The value we’ll be studying is self-reliaance, which is believing you can do it and using good judgment in what you do.
For cooking we’ll make a lot of different things with apples.
Outside, we’ll be weaving and playing hide-and-seek.
The songs we’ll be singing are Clementine, Oh, What a Beautiful Morning, Oh, Susanna, She’ll Be Coming Round the Mountain, Skip to My Lou, and Michael Finnegan.
For creative dramatics, we’ll play Grandmother’s Trunk.
Our art activities will be junk sculptures, covered wagons, and apple prints.
For motor development, we’ll be working on balance. In body movement, we’ll be working on postural response with ball passes, balance bean obstacles, and kicking a balloon.
HOW PHONICS WORK
Our brains have no inherent knowledge of the alphabet. The beauty of phonics is that children can learn the parts of reading and writing before they put it all together. But like tennis, you can practice your backhand, forehand, and serve, but you don’t really know how to play the game until you use these skills in a match. So phonics is the word-decoding skills. The joyful, hands-on experience of reading great literature or for knowledge is provided by whole language.
Whole language seems to “click” for children who are visual or tactile learners. Visual learners can easily recall words they see repeatedly. Tactile learners benefit from writing because using their hands helps them understand and remember things. Phonics seems better to meet the needs of auditory and analytical learners. Auditory learners hear and remember sounds easily. Analytical learners enjoy taking words apart, following rules, and finding out how words are spelled and how to pronounce them. The logic of phonics makes sense to these children, and they find it more satisfying than the guessing techniques that are often used in whole language. What can you do? Try these suggestions:
- Read aloud and often, stopping occasionally to talk about what you’ve read or to ask questions like “What could happen next?” Leaving out an obvious word in a story or rhyme helps your child learn to decode it based on context. Leaving out an obvious beginning or ending sound in a word (The popcorn went “-op!”) spurs letter/sound awareness.
- Play the name game. A child’s name is a great place to start teaching the alphabet. See, say, and write each letter together. Explore other letters by naming things around the house and the neighborhood.
- Show that reading is useful. Read labels at the market, billboards, and a recipe when you’re cooking. A child is more motivated when reading has a purpose and meaning.

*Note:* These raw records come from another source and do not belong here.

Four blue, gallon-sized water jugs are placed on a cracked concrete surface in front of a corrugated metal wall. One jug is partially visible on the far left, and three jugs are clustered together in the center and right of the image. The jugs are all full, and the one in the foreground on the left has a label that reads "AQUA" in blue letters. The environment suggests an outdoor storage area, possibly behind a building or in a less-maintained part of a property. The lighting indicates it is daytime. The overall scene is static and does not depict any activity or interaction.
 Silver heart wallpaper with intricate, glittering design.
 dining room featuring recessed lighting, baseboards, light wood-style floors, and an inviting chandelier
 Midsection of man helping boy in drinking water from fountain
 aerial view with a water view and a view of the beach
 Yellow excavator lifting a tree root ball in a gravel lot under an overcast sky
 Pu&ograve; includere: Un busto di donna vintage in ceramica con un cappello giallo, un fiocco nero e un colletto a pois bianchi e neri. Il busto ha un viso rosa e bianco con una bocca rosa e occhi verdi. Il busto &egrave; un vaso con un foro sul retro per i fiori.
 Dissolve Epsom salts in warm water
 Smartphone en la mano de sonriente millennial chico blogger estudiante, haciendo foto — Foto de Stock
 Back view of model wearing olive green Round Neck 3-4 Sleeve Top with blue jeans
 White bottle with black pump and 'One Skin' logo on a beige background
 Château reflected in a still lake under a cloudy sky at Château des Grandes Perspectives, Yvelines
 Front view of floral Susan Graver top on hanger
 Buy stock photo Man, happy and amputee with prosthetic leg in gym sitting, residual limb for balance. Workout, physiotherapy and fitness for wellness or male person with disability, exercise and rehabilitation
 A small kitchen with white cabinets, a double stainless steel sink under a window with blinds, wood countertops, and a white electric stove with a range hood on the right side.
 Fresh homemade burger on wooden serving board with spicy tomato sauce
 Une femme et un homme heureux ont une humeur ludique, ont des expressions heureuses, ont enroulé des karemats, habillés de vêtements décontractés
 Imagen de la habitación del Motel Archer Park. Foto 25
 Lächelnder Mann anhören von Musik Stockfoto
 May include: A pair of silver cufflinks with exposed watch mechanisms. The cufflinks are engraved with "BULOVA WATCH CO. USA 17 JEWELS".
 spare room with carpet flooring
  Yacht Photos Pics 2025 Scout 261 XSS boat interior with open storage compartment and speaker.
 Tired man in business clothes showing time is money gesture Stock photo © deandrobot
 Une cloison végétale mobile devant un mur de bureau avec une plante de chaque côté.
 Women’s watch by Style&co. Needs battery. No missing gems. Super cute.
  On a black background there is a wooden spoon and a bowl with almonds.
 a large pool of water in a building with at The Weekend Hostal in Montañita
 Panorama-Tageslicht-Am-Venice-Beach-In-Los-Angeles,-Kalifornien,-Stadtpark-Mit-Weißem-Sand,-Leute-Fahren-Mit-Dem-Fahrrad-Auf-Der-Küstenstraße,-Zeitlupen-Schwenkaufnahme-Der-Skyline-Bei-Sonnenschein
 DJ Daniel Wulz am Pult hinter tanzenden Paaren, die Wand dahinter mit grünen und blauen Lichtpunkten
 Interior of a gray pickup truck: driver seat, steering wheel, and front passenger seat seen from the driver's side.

- Have fun with words. Call out, “I spy something that starts with “m”. (Say the sound, not the letter. If you want a guide for which sound goes with letters, ask your teacher for our flyer.) Draw letters on each other’s back. The more playful and involved you are in these games, the more the child will learn.
- Publish your young author. Invite your little reader to talk about, and then write about, a drawing she’s made. Don’t correct spelling or grammar at this stage. The more important goal now is to get ideas down and enjoy writing and reading. Share these books with grandparents or neighbors where you can brag in front of your child.
Proprioception – This is one of the sensory integration exercises we incorporate into our daily routine. Proprioception is the sense of where our body is in space. Some of the things you can do at home are: (1) encourage your child to do heavy things, like carry a gallon of milk, (2) play “backpacking” with several heavy-ish things like a bag of beans or rice in the backpack, and (3) do a “hug sandwich” with your child between two people.
While outside students are taught to appreciate nature we don’t destroy flowers and we do not kill bugs or other creatures found on the playground. It was a warm day and a lot was going happening on the playground; Alexis and Sae played on the swings, Michael and Jack played catch with the big green ball while Anderson and Rhone played soccer and kicked the ball across the playground. When the teacher said “look at the lizard” everyone stopped what they were doing and gathered to watch the brown lizard turn green as it climbed up and across the outside wall of the school. They were encouraged to keep a safe distance from the lizard so they could observe it and not scare it. The children had to be reminded not to touch the lizard with much restraint they held out as long as they could until one child could not resist and caused the lizard to retreat to a hiding place. Consider on ways you can observe nature at you home.